S-Bahn Rhein-Main: Ein Problem gelöst, das nächste wartet schon

Die S-Bahn Rhein-Main hat personalbedingte Zugausfälle stark reduziert. Doch Baustellen sorgen weiterhin für Probleme im Betriebsablauf.

S-Bahn Rhein-Main: Ein Problem gelöst, das nächste wartet schon

Die Personalengpässe bei der S-Bahn Rhein-Main, die in den vergangenen Jahren für viele Zugausfälle sorgten, sind größtenteils behoben.
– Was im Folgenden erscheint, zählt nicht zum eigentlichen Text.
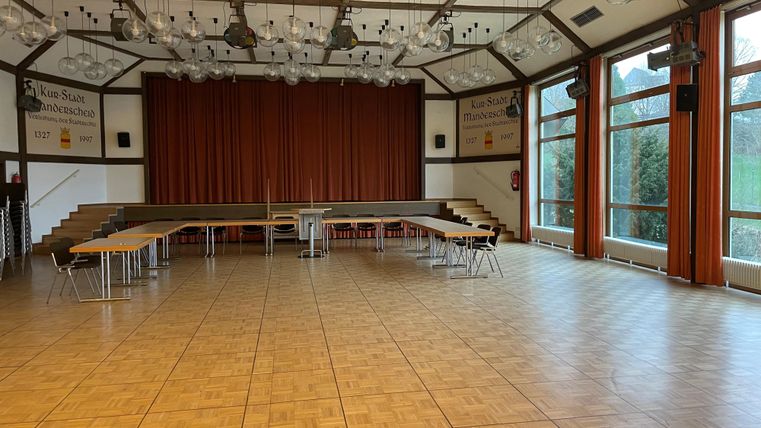 Ein großer Veranstaltungsraum mit Holzfußboden und viel Tageslicht. Die Wände sind mit Vorhängen und Fenstern ausgestattet, und Tische sind im Raum aufgestellt.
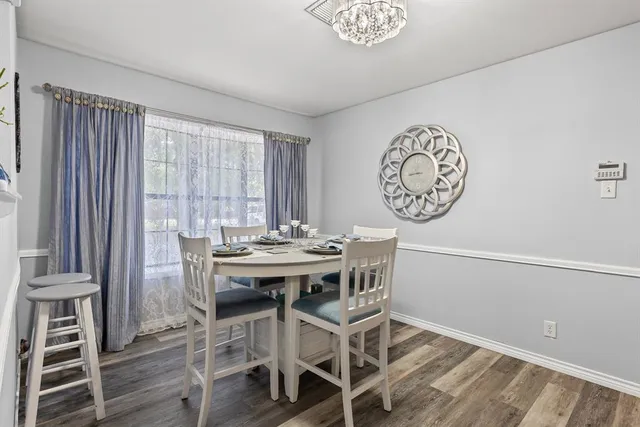 a view of a dining room with furniture and wooden floor
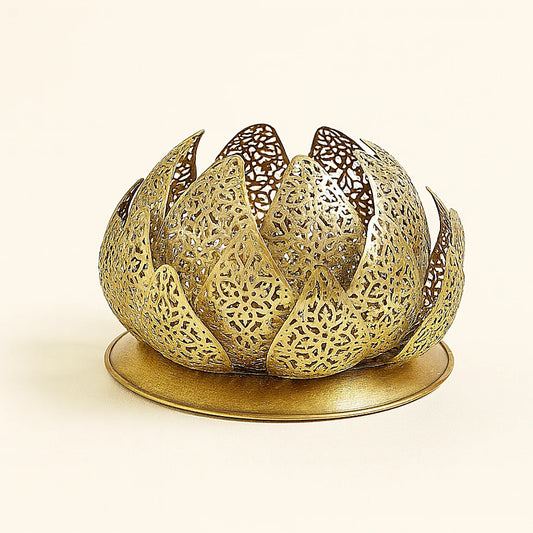 Handcrafted brass Moroccan lamp in a lotus flower shape, featuring intricate pierced metalwork and a slightly domed base, displayed on a plain beige background for e-commerce photography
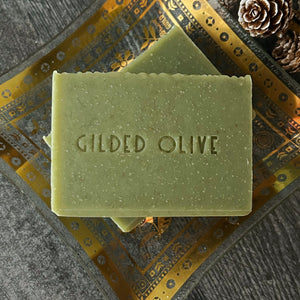Pine Forest Handmade Soap with 'Gilded Olive' branding on a decorative surface.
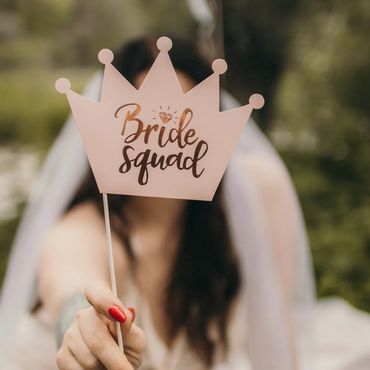 Woman holding a "Bride squad" crown sign, celebrating a wedding event.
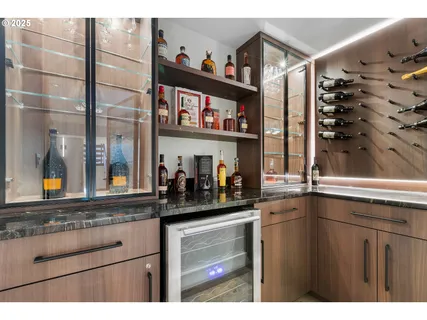 a kitchen with stainless steel appliances a sink and cabinets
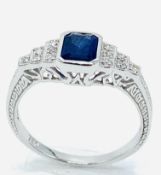 18ct white gold, sapphire and diamond ring.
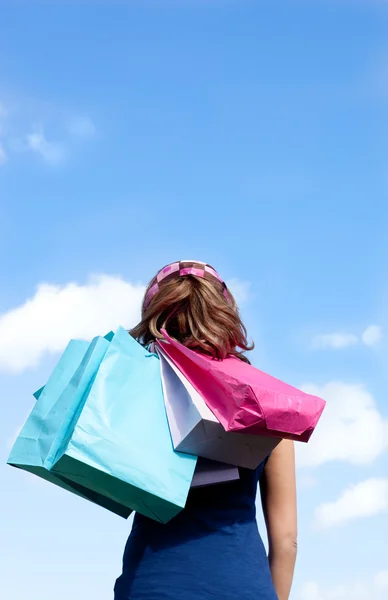 Smiling woman holding shopping bags outdoor — Stock Photo, Image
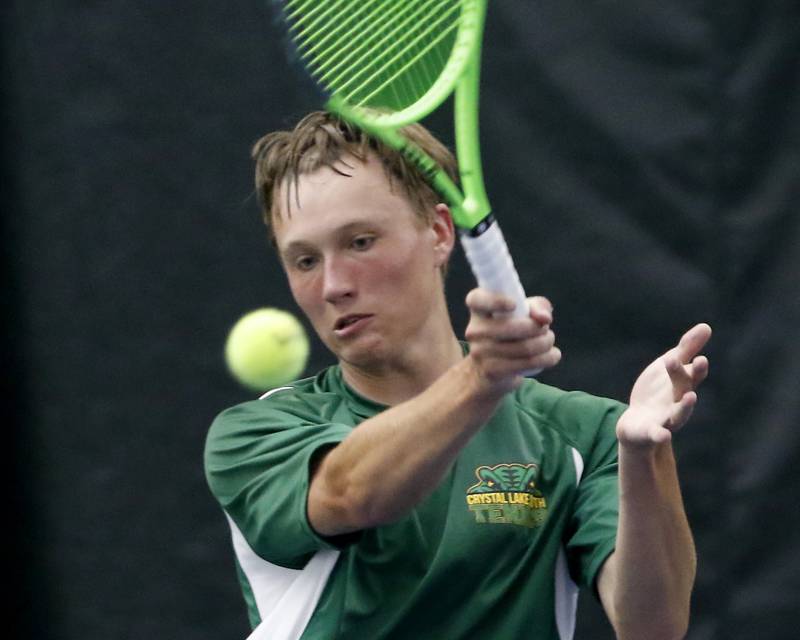 Crystal Lake South’s Jackson Schuetzle returns the ball during his IHSA 1A boys single tennis match against Alton Marguette’s  Stetson Isringhausen Thursday, May 26, 2022, at Heritage Tennis Club in Arlington Heights.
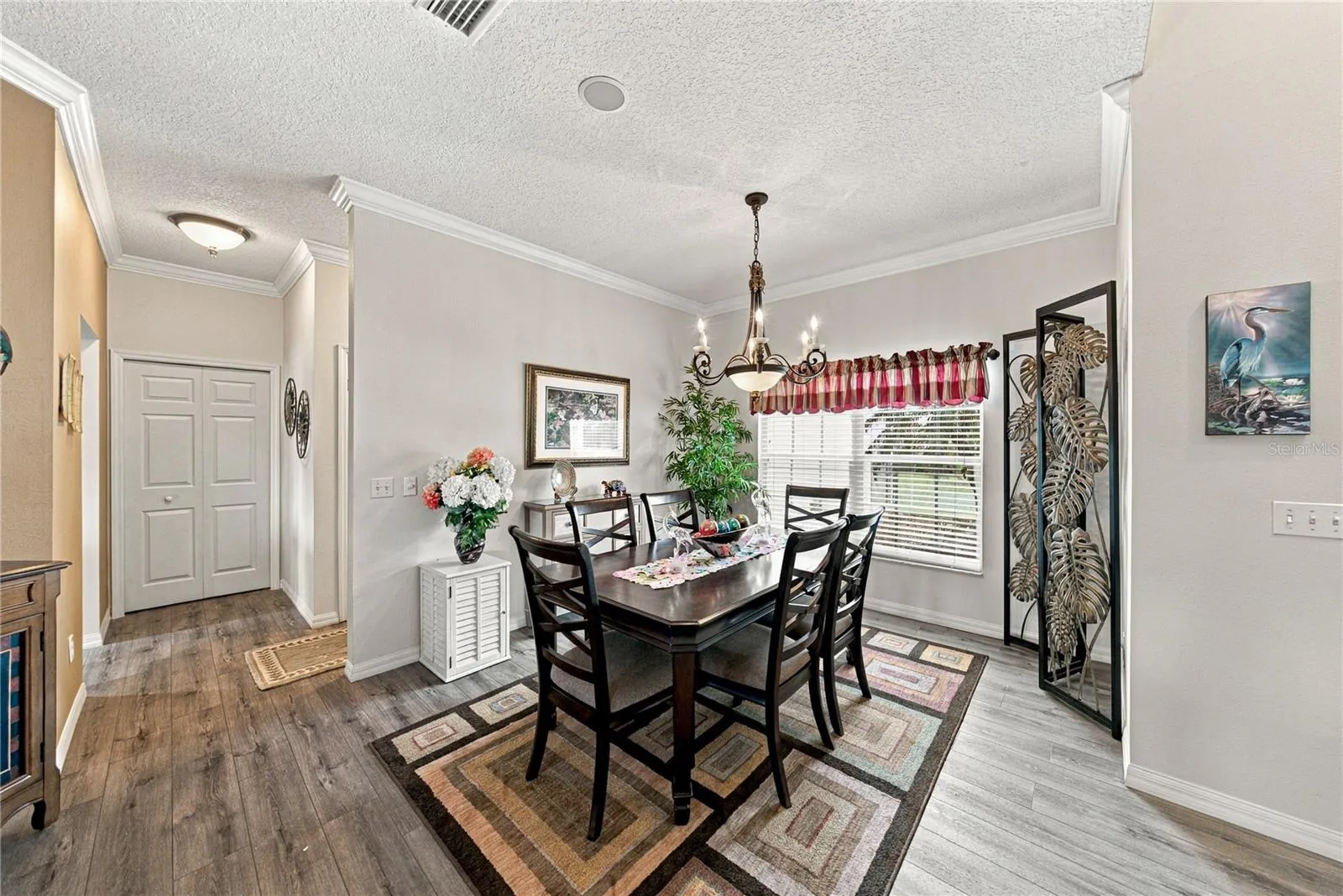 The flexibility of the dining room makes entertaining easy! The large closet pantry is in the background on the left.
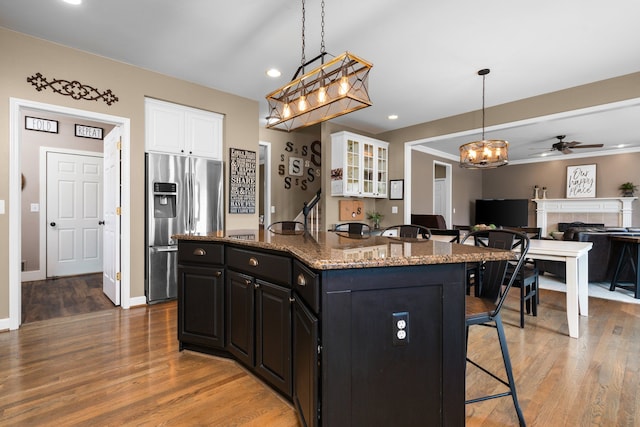 kitchen with a breakfast bar, white cabinets, stainless steel fridge with ice dispenser, and dark cabinets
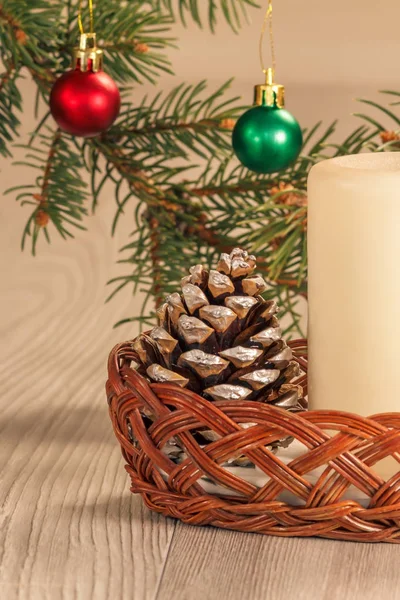 Cone, candle and natural fir tree branches with Christmas orname — Stock Photo, Image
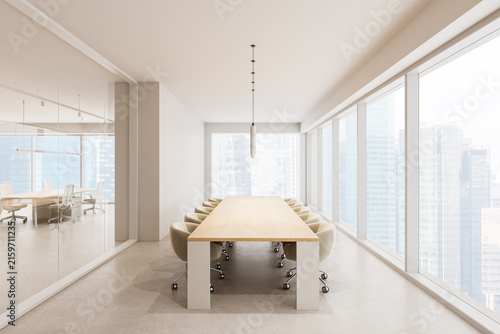 Fotografía Bright modern office conference room with long wooden table, rolling chairs, glass walls, panoramic windows, and skyline views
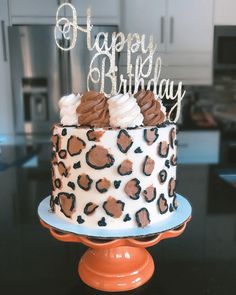 a leopard print cake with happy birthday written on top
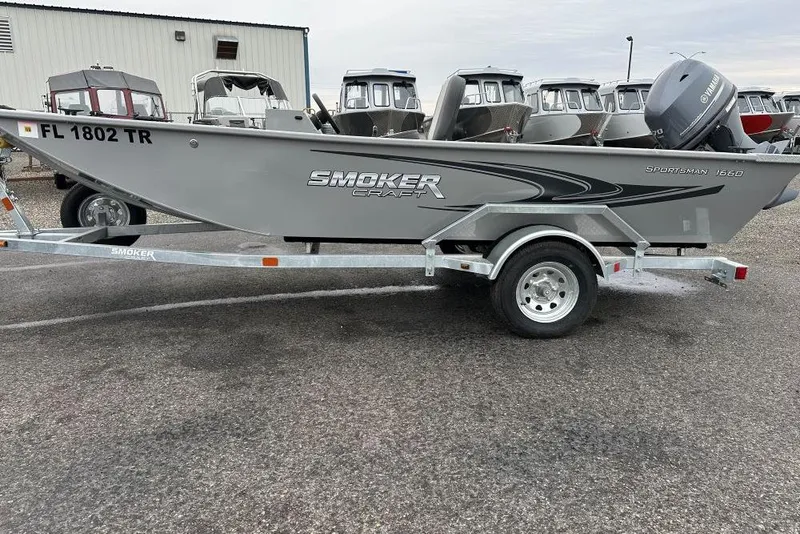 Slide: The Image of 2023 Smoker Craft Sportsman 1660 boat on trailer, parked outdoors. - 1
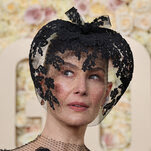 actress rosamund pike's face which is covered by a black lace headpiece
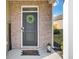 Inviting front porch featuring a wreath-adorned door, 'Welcome' mat, and brick accents at 202 N Light Way, Summerville, SC 29486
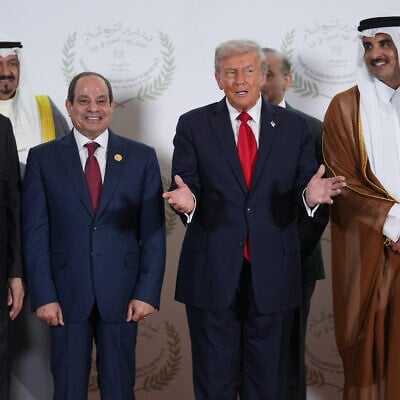 US President Donald Trump gestures during a photo during a summit to support ending the more than two-year Israel-Hamas war in Gaza after a breakthrough ceasefire deal, Monday, Oct. 13, 2025, in Sharm El Sheikh, Egypt, as Turkey's President Recep Tayyip Erdogan, Egypt's President Abdel-Fattah el-Sissi and Emir of Qatar Tamim bin Hamad Al Thani watch. In back are the Emir of Kuwait Sheikh Meshal Al Ahmad Al Sabah, Pakistan's Prime Minister Shehbaz Sharif and Netherland's Prime Minister Dick Schoof. (AP Photo/Evan Vucci, Pool) US President Donald Trump gestures during a photo during a summit to support ending the more than two-year Israel-Hamas war in Gaza after a breakthrough ceasefire deal, Monday, Oct. 13, 2025, in Sharm El Sheikh, Egypt, as Turkey's President Recep Tayyip Erdogan, Egypt's President Abdel-Fattah el-Sissi and Emir of Qatar Tamim bin Hamad Al Thani watch. In back are the Emir of Kuwait Sheikh Meshal Al Ahmad Al Sabah, Pakistan's Prime Minister Shehbaz Sharif and Netherland's Prime Minister Dick Schoof. (AP Photo/Evan Vucci, Pool)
Wie der Rhein-Main-Verkehrsverbund (RMV) mitteilt, müssen Fahrgäste aber weiterhin mit Verspätungen und Ausfällen rechnen – aus einem anderen Grund.

In den vergangenen Monaten hat die S-Bahn Rhein-Main nach eigenen Angaben über 70 neue Lokführerinnen und Lokführer eingestellt. Jedes Jahr werden zudem 30 weitere im Anschluss an ihre Ausbildung hinzukommen. „Damit verfügen wir über eine ausgeglichene Personallage“, so Hendrik Penner, Chef der S-Bahn Rhein-Main. Die Folge: Waren im Vorjahreszeitraum noch 3,2 Prozent der Zugausfälle auf Personalengpässe zurückzuführen, sind es in den ersten vier Monaten des Jahres 2026 nur noch 0,2 Prozent.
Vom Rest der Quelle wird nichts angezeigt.